Brief — When the line containing "In this video, I'm" appears in the data below, begin copying there and stop only after the line containing "Now check out".

Source data —
....

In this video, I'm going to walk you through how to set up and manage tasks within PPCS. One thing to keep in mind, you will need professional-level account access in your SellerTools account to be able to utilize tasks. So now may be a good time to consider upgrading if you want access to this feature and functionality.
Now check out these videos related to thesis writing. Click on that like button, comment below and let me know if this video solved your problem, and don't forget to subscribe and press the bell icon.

....

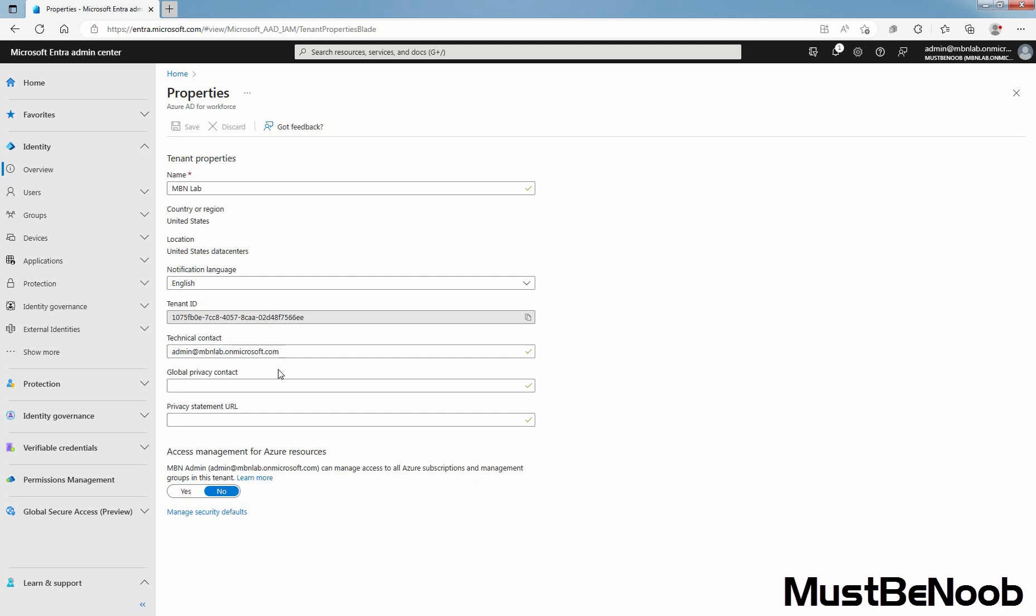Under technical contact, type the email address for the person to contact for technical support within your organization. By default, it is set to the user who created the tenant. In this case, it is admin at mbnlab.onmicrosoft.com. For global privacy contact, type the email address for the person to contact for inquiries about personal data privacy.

....

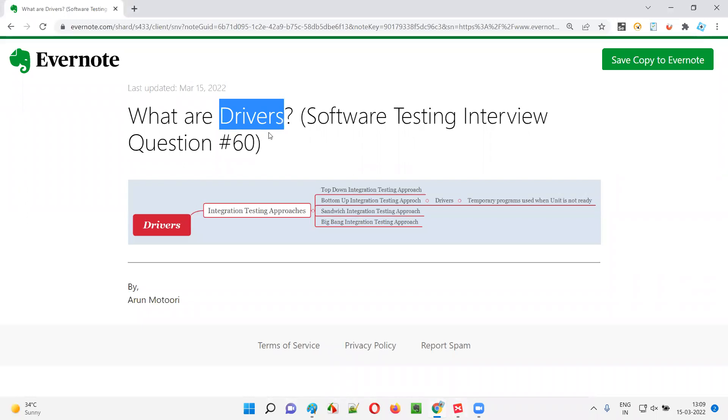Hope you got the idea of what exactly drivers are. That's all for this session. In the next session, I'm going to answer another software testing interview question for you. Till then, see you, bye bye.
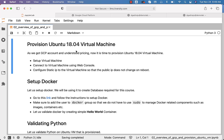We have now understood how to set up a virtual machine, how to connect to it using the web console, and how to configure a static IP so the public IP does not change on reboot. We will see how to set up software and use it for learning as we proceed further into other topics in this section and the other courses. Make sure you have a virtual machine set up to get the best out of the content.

....

Answer space —
In this video, I'm going to walk you through how to set up and manage tasks within PPCS. One thing to keep in mind, you will need professional-level account access in your SellerTools account to be able to utilize tasks. So now may be a good time to consider upgrading if you want access to this feature and functionality.
Now check out these videos related to thesis writing. Click on that like button, comment below and let me know if this video solved your problem, and don't forget to subscribe and press the bell icon.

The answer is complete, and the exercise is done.